• Task: Look for the line that has "L'eczéma est une" in the material below; please repeat it and every line after it, exactly, up to and including the line that has "Efecto Mariposa - Flotando Voy", and nothing else.

• Material shown:
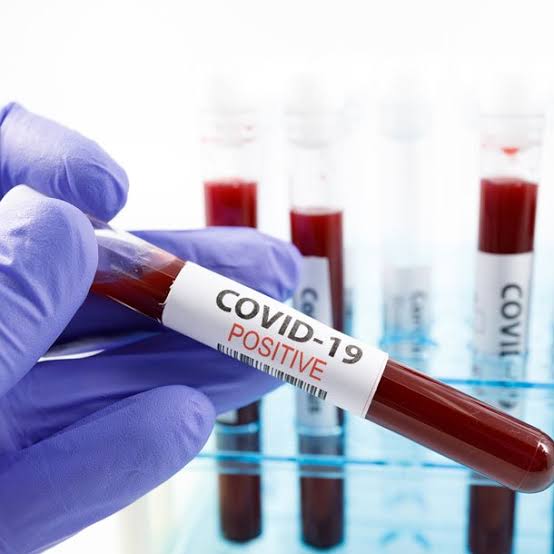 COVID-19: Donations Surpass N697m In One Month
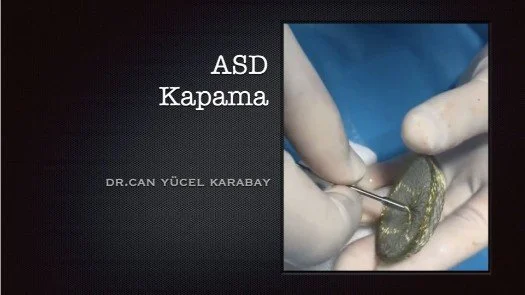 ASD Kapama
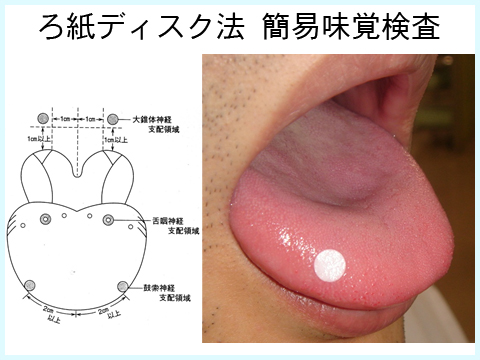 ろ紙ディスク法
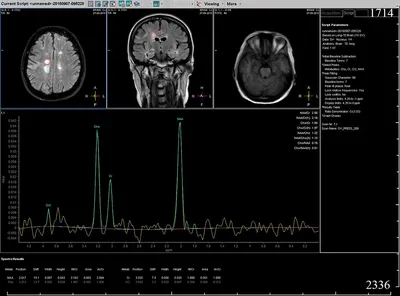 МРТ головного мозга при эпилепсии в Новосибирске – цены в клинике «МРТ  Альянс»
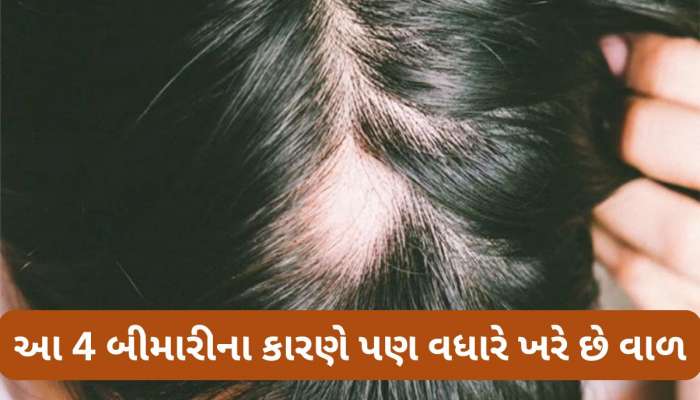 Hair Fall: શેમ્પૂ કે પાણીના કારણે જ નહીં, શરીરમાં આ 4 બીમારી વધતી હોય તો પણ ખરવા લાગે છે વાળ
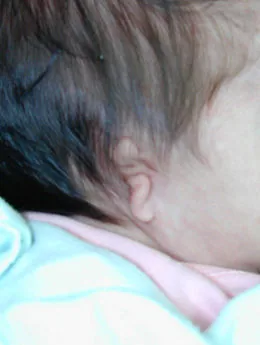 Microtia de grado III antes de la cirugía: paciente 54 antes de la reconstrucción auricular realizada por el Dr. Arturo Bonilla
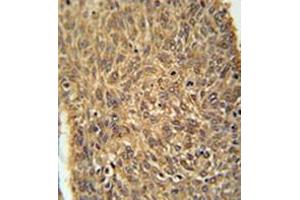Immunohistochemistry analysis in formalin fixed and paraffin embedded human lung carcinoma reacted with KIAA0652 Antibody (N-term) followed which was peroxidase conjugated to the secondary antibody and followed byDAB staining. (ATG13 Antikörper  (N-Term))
---
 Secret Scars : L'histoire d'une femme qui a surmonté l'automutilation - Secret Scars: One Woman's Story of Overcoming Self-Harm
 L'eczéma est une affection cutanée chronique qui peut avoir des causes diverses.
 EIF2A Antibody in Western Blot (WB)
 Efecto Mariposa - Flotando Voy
--
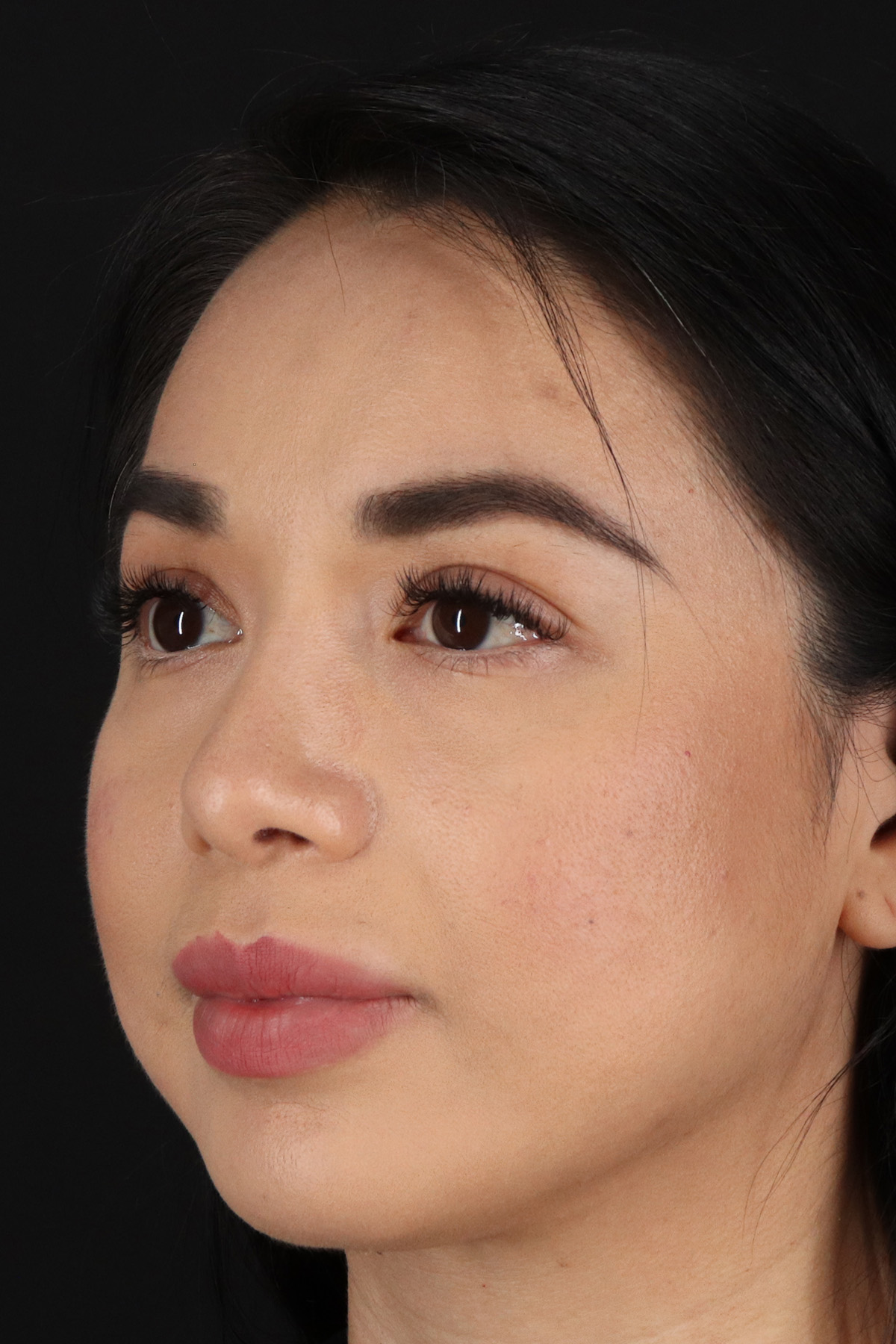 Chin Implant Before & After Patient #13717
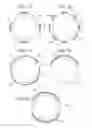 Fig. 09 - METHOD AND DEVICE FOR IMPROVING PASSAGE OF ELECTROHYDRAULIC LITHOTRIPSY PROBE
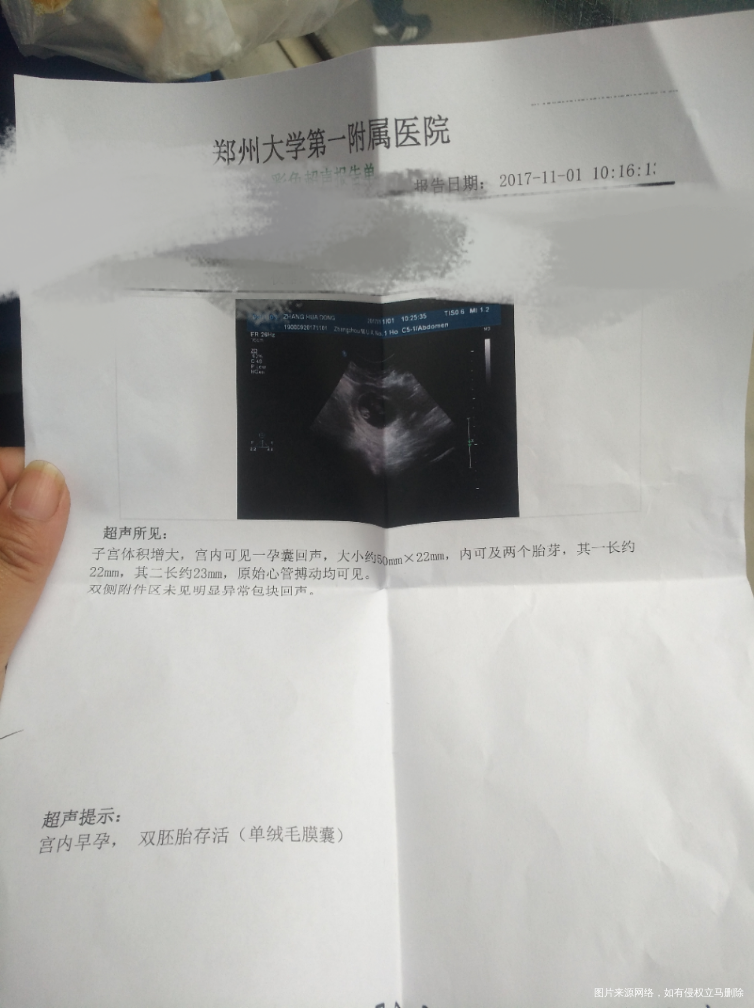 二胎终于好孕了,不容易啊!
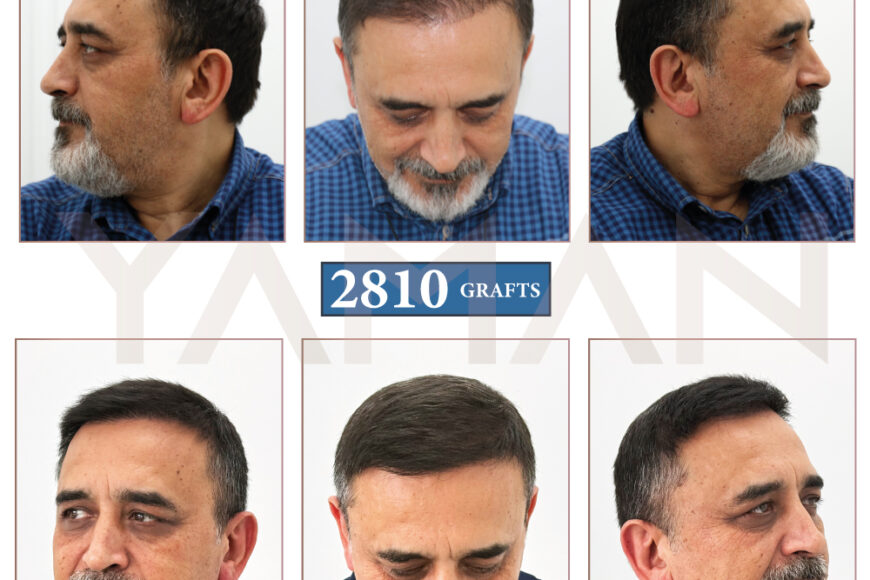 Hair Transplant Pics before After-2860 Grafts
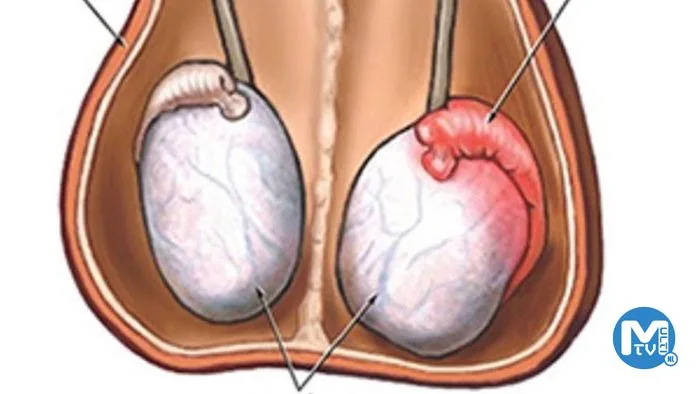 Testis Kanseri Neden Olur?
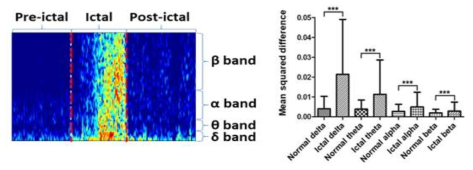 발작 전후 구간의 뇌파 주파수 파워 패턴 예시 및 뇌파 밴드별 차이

• Result for this task:
 L'eczéma est une affection cutanée chronique qui peut avoir des causes diverses.
 EIF2A Antibody in Western Blot (WB)
 Efecto Mariposa - Flotando Voy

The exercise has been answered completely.